Cistifellea infiammazione

Nel momento in cui l’organo smette di funzionare correttamente, diventa più predisposto alla formazione di calcoli in grado di incastrarsi nei canali deputati al passaggio della bile, impedendo il normale scorrimento del fluido.

I calcoli possono ostruire il dotto cistico, il principale canale per il flusso di bile, con il conseguente accumulo dello stesso nella cistifellea. Questo processo aumenta gradualmente la pressione interna, causando così l’infiammazione della cistifellea, meglio conosciuta come colecistite.

Le conseguenze di una cistifellea infiammata e non curata correttamente possono essere però molto gravi.

E’ necessario conoscerne per tempo i sintomi e la cause per evitare una sovrainfezione batterica.

Spesso, inoltre, la colecistite cronica è causata da ripetuti attacchi in forma acuta, in genere dovuti alla presenza di calcoli biliari nella cistifellea.

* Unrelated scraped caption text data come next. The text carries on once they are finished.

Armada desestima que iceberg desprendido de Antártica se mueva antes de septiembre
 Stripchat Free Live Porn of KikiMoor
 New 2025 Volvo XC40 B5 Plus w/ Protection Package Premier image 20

I calcoli alla colecisti non manifestano alcun sintomo, nonostante questo possono presentarsi delle coliche biliari caratterizzate da un dolore che colpisce l’addome sul lato destro. La colecistite presenta un sintomo di uguale intensità, ma più prolungato nel tempo.

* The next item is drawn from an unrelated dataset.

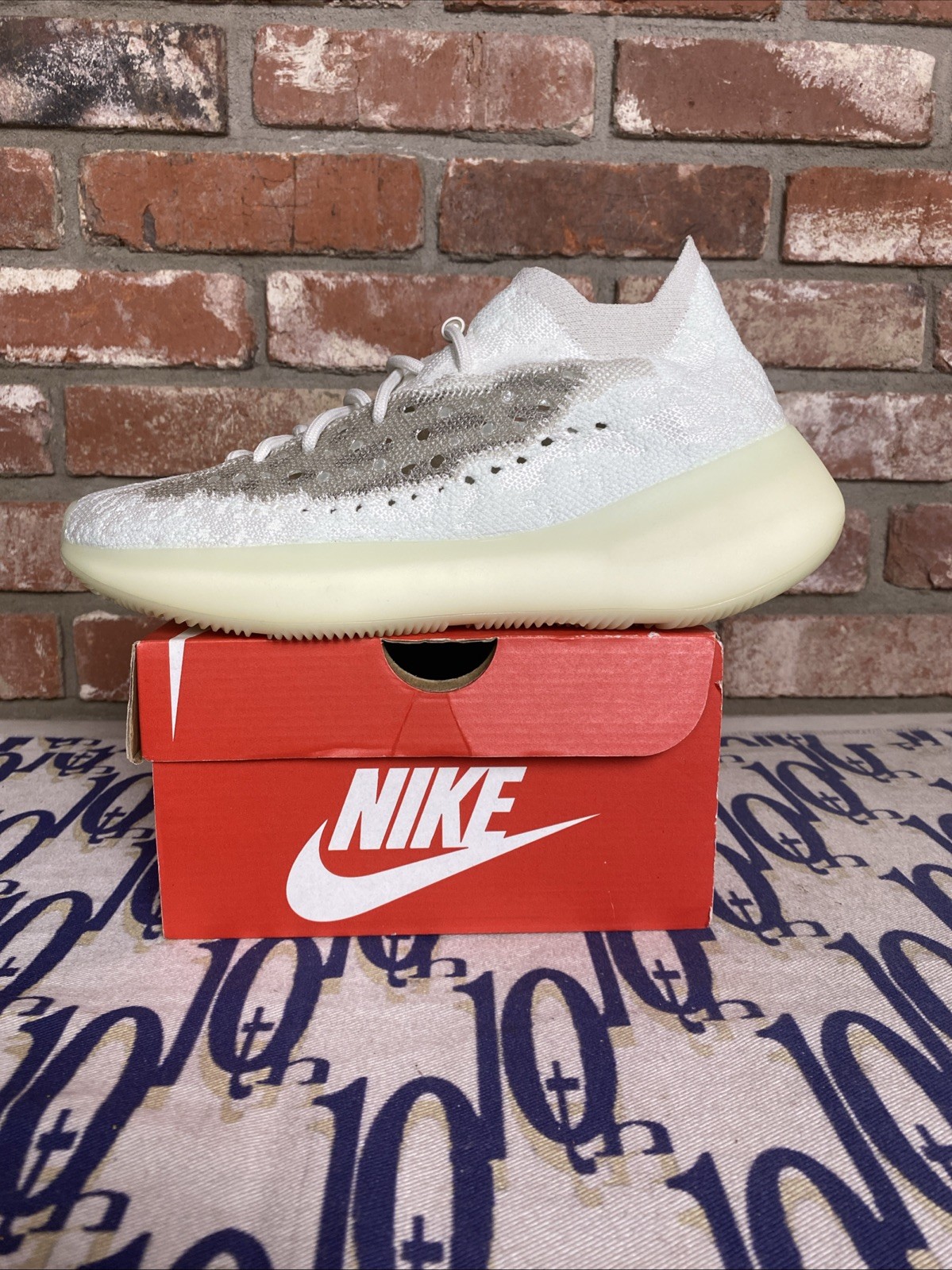 Size 10 Left Show Only – Adidas Men’s Yeezy Boost 380 Calcite Glow Brand New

In caso di colecisti infiammata, la prima cosa da fare è consultare il medico curante, il quale, in base alla diagnosi, prescriverà i rimedi farmacologici adatti.

Molti sono i rimedi naturali e gli alimenti che possono aiutare a prevenire un’infiammazione.

Sintomi cistifellea

Calcoli cistifellea

I calcoli alla colecisti sono un disturbo molto diffuso, anche se nella maggior parte dei casi si presentano in maniera asintomatica nel soggetto, che, di conseguenza, non è nemmeno consapevole di averli.

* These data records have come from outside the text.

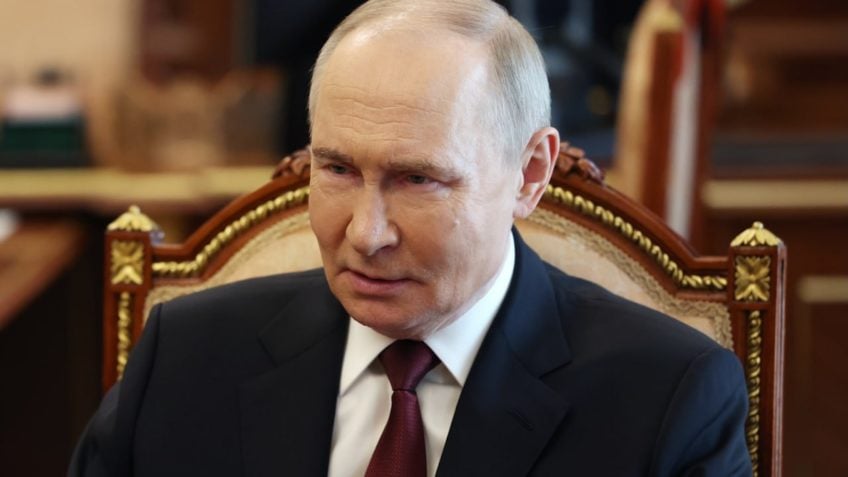 Intervenção dos EUA no Irã pode causar "escalada perigosa", diz Putin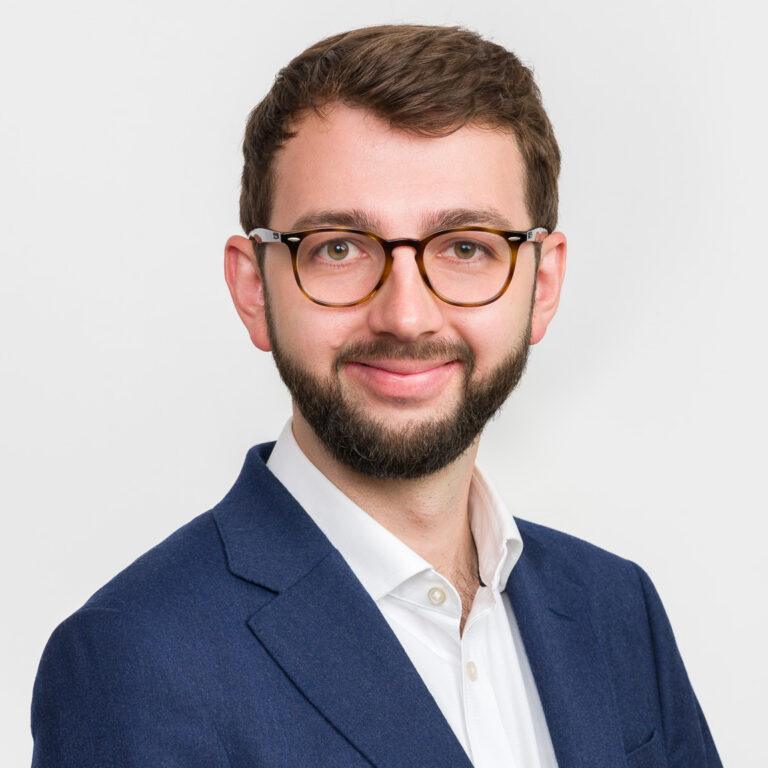 Michał Hetmański, szef fundacji Instrat wskazuje, że dominacja takich podmiotów jak Microsoft w obszarze oprogramowania biurowego czy usług chmurowych tworzy strukturalne uzależnienie państwa od dostawców spoza Europy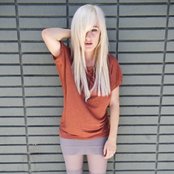 Zola Jesus - List pictures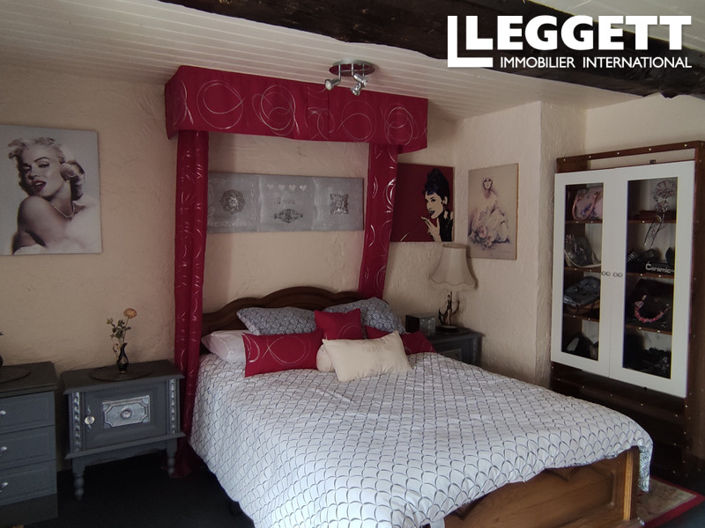 Image No.10-3 Bed House for sale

Una dieta povera di grassi è certamente la soluzione più consigliabile per tutti i soggetti a rischio, tra cui coloro che presentano una situazione di sovrappeso.

Una dieta sana e ipocalorica unita ad un regolare esercizio fisico può aiutare a prevenire il disturbo.

Tra gli alimenti “protettivi” consigliati vi sono i grassi insaturi – come olio di pesce, oli vegetali, frutta secca- proteine vegetali in generale, cibi ricchi di fibre quali le verdure, i cereali integrali. Sono consigliati:

  • Lecitina di soia
  • Caffeina
  • Tisane antinfiammatorie (malva e angelica)

Lecitina di soia

Tra le verdure indispensabili per combattere i calcoli vi sono: barbabietole, cetrioli, carciofi, pomodori, ravanelli, patate. A queste vanno aggiunti i succhi a base di verdure e molta frutta come mele, fichi, melone, pere, papaya.

Al contrario, tra gli alimenti da evitare ci sono: le carni rosse e la carne di maiale, le fritture e i grassi saturi, le uova, le cipolle, i cibi piccanti e tutti i prodotti contenenti glutine.

Meglio evitare le bevande gassate, i succhi di frutta dal sapore acido, il caffè e gli alcolici.

Una corretta alimentazione aiuta quindi a purificare il fegato e rendere più fluida la bile.

E’ importante sapere che la bile che non viene utilizzata nel metabolismo dei lipidi alimentari, rischia di ristagnare troppo a lungo nella colecisti divenendo così eccessivamente concentrata, aumentando il rischio della formazione di calcoli.